■ **RECORDS TO PROCESS**:

--------------------

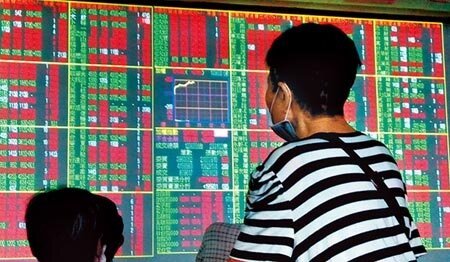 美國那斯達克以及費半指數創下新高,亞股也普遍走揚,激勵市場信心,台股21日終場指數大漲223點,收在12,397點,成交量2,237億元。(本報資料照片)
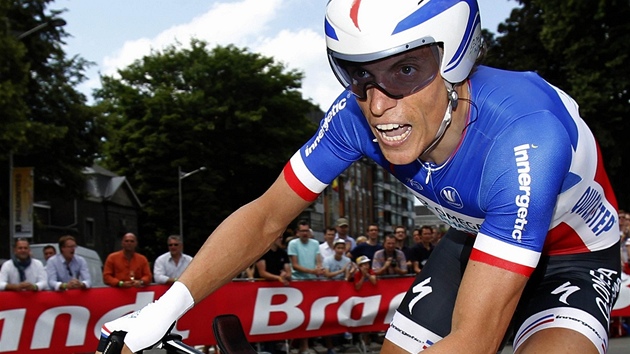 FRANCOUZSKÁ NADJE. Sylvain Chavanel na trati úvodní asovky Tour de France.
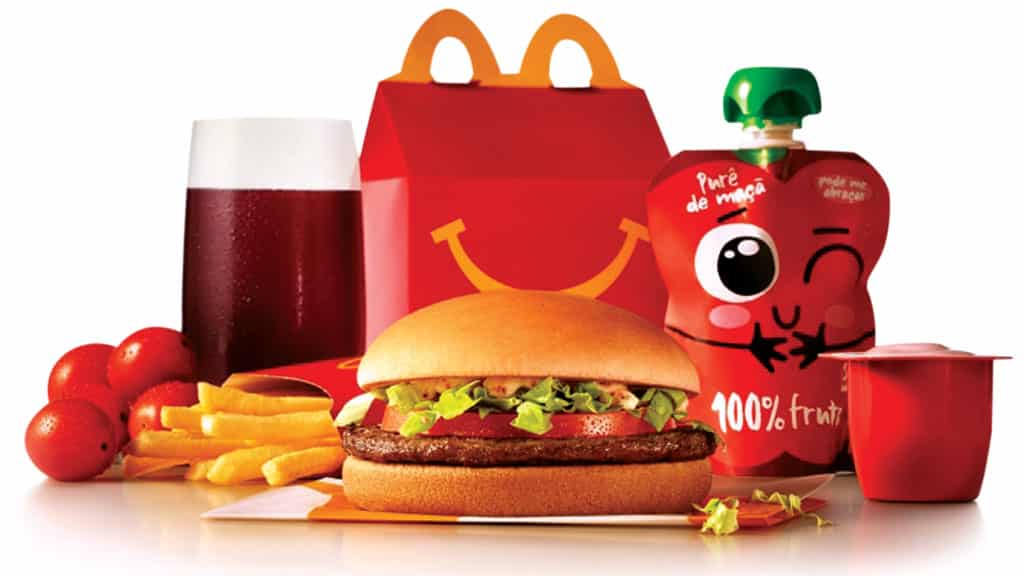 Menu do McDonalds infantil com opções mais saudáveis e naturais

--------------------

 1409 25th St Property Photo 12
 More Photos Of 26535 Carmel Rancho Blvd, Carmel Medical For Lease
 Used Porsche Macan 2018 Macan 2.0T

--------------------

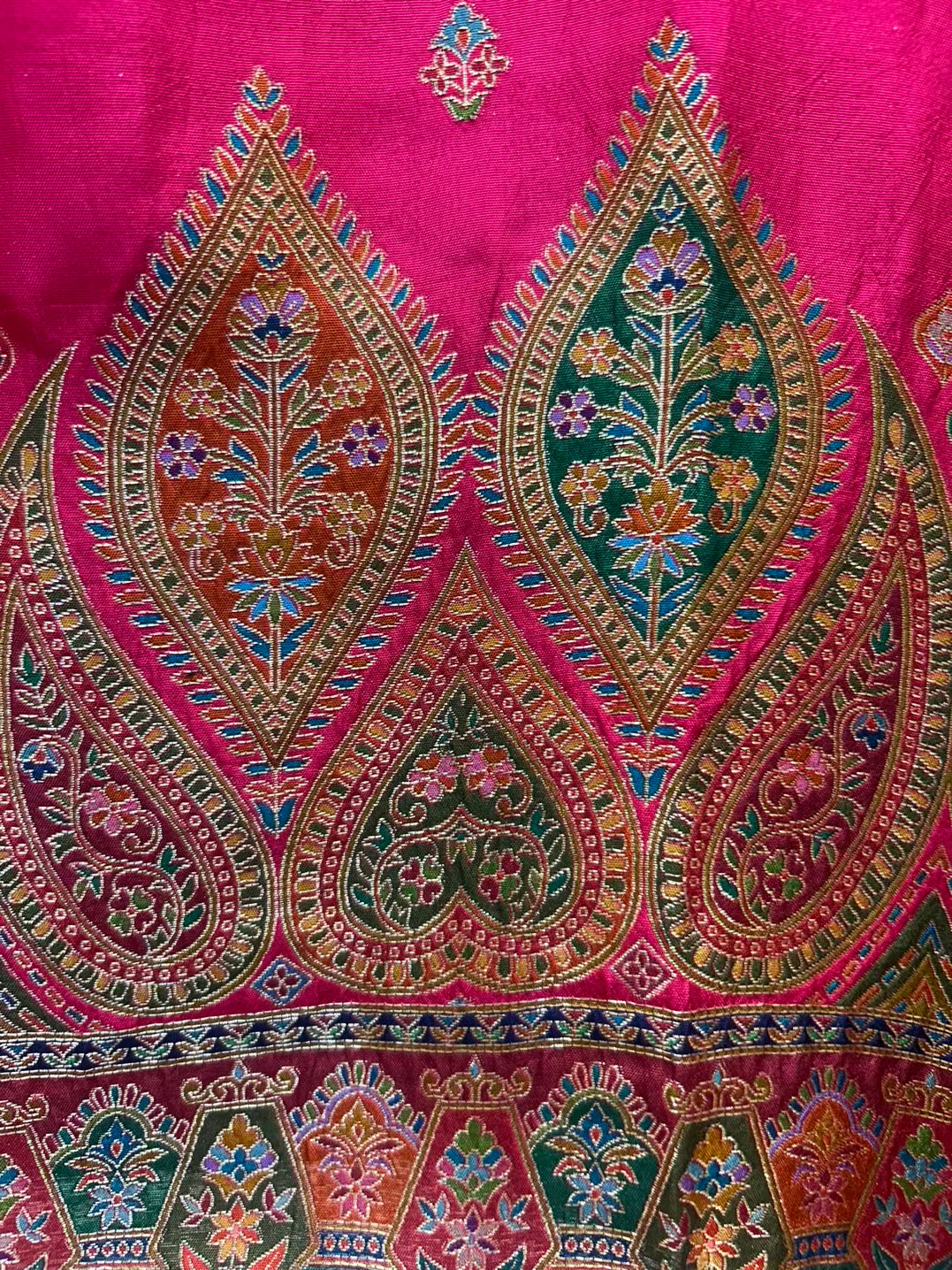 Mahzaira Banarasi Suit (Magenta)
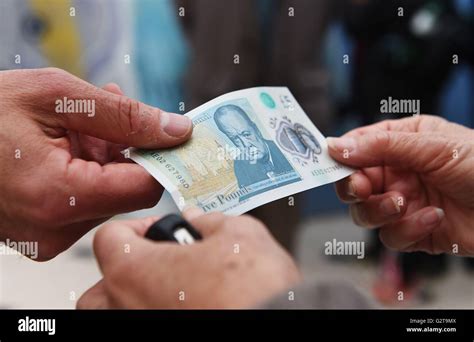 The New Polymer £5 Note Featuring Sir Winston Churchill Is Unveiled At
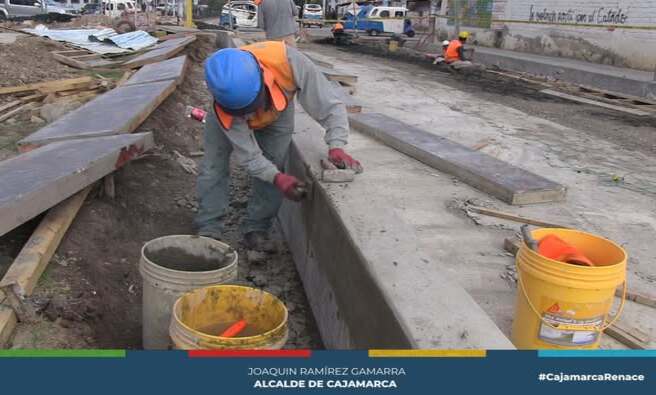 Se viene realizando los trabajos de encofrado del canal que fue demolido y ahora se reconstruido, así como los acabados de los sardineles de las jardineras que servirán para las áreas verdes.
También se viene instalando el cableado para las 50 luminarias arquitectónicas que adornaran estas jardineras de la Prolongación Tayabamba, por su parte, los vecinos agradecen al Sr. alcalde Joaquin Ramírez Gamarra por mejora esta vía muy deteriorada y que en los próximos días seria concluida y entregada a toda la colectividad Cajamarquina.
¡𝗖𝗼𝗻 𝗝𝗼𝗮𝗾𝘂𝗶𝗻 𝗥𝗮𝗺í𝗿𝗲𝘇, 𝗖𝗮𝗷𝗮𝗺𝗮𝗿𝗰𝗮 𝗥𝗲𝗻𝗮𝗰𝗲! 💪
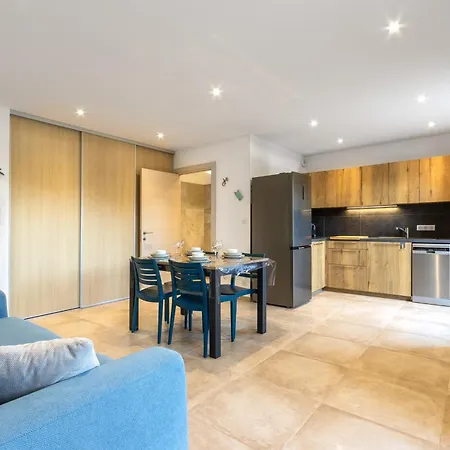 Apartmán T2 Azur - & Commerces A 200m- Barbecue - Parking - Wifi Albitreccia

--------------------

■ **HOW TO COMPLETE THIS TASK**:
Return exactly the part of the listing above that opens with the line containing "𝗖𝗮𝗷𝗮𝗺𝗮𝗿𝗰𝗮 𝗥𝗲𝗻𝗮𝗰𝗲! 💪" and closes with the line containing "Apartmán T2 Azur". Pictures stay out.

■ **COMPLETED EXERCISE**:
¡𝗖𝗼𝗻 𝗝𝗼𝗮𝗾𝘂𝗶𝗻 𝗥𝗮𝗺í𝗿𝗲𝘇, 𝗖𝗮𝗷𝗮𝗺𝗮𝗿𝗰𝗮 𝗥𝗲𝗻𝗮𝗰𝗲! 💪
 Apartmán T2 Azur - & Commerces A 200m- Barbecue - Parking - Wifi Albitreccia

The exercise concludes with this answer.